Nyarlathotep promises honor and knowledge if Wilmarth comes for the ride, as well as repeatedly assuring Wilmarth of the aliens' peaceful intentions (they're miners) and eventually introduces him to a human brain in a jar who tells him that space travel is pretty cool. Now, Nyarlathotep, it should be noted, is really bad news.

Nyarlathotep by Lovecraft posted:

And it was then that Nyarlathotep came out of Egypt. Who he was, none could tell, but he was of the old native blood and looked like a Pharaoh. The fellahin knelt when they saw him, yet could not say why. He said he had risen up out of the blackness of twenty-seven centuries, and that he had heard messages from places not on this planet. Into the lands of civilisation came Nyarlathotep, swarthy, slender, and sinister, always buying strange instruments of glass and metal and combining them into instruments yet stranger. He spoke much of the sciences—of electricity and psychology—and gave exhibitions of power which sent his spectators away speechless, yet which swelled his fame to exceeding magnitude. Men advised one another to see Nyarlathotep, and shuddered. And where Nyarlathotep went, rest vanished; for the small hours were rent with the screams of nightmare. Never before had the screams of nightmare been such a public problem; now the wise men almost wished they could forbid sleep in the small hours, that the shrieks of cities might less horribly disturb the pale, pitying moon as it glimmered on green waters gliding under bridges, and old steeples crumbling against a sickly sky.

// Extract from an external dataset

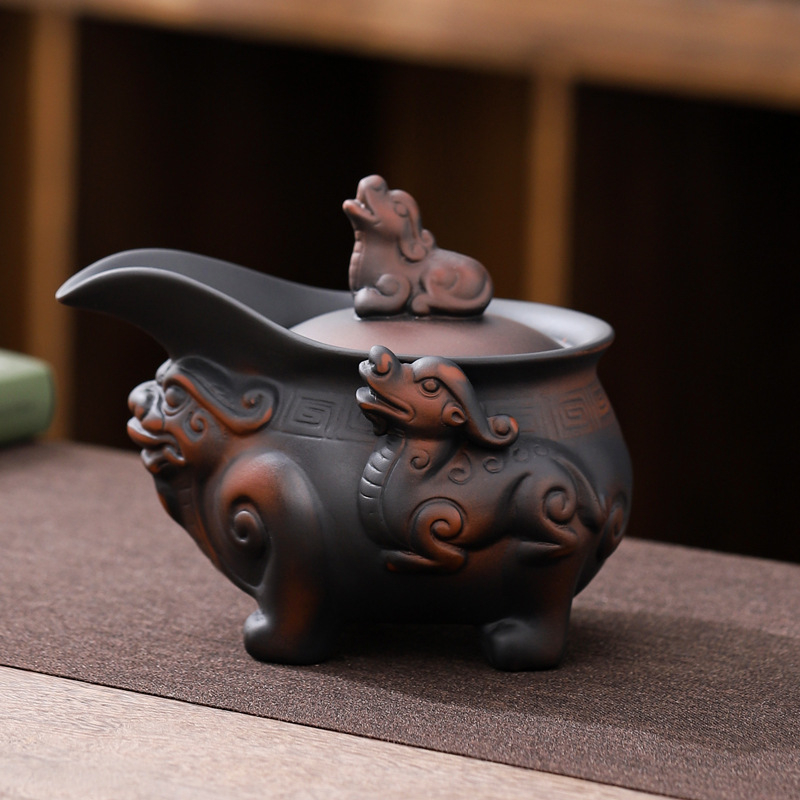 Ceainic din lut mov, sculptat manual, capacitate mare, set Gongfu din ceramică, protecție împotriva arsurilor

That story is interesting for our purposes because Nyarlathotep just kind turns the laws of physics off while the narrator screams at him that electricity doesn't work that way and Nyarlathotep just wanders off laughing at the idiots. It's the ultimate failure of man's power when pitted against the primordial powers of the universe, and it's entirely appropriate as the ending to the Whisperer in Darkness. Wilmarth thought he had all the answers through mankind's science. Nyarlathotep decided to teach him a lesson. Wilmarth went out to discover all the aliens for science, Nyarlathotep granted his wish, and Wilmarth ran off into the night terrified because he couldn't accept that he didn't have all the answers, something that unsettled him more than the wax face.

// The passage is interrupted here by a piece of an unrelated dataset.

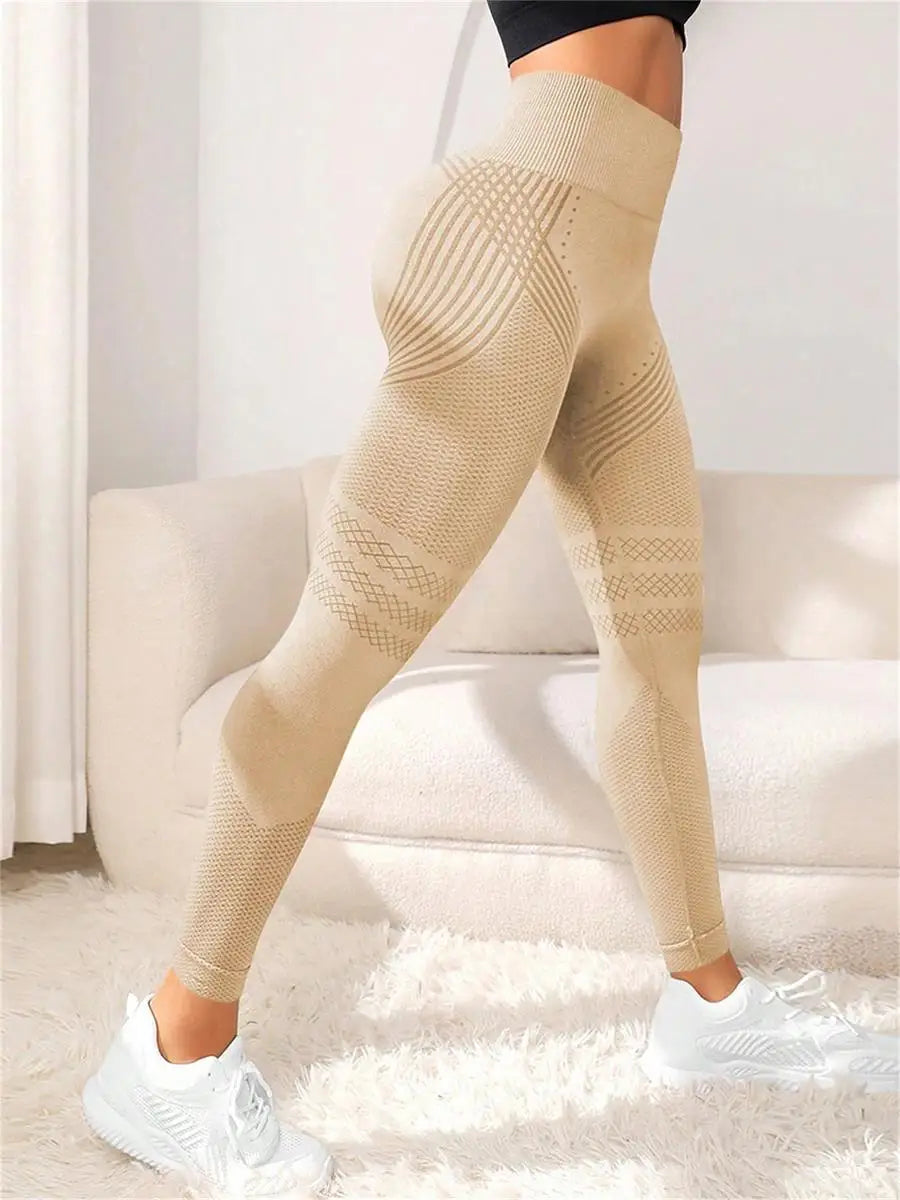 Seamless high-waisted hip-lifting yoga pants, elastic quick-drying tight pants, women's outdoor sports running, cycling and fitn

Let's compare it to this quest. We take common earth science to make formaldehyde and radios. Rather than a highly advanced procedure humans can't replicate, the brain jar construction is simple enough that an old lady can be talked through it. The Mi-go doesn't offer us a glimpse of an uncaring universe, it offers us a cool space trek that lets us escape from a cold, uncaring dimension. This Mi-go is reduced to simple terms. Here is a weird looking Mr Spock. Do you want to go to space? It's all very logical and scientific. The developers chose to fixate on the brains - those aren't important. What's important is that Nyarlathotep is the literal personification of how wrong about everything, you, personally, are, and he is God come down to laugh in your face for being a fucking idiot.

Nyarlathotep would have a lot to say about these developers.

TL;DR: The "Whisperer in Darkness" refers to a character called "Nyarlathotep" who doesn't appear in this fucking quest called The Whisperer in Darkness!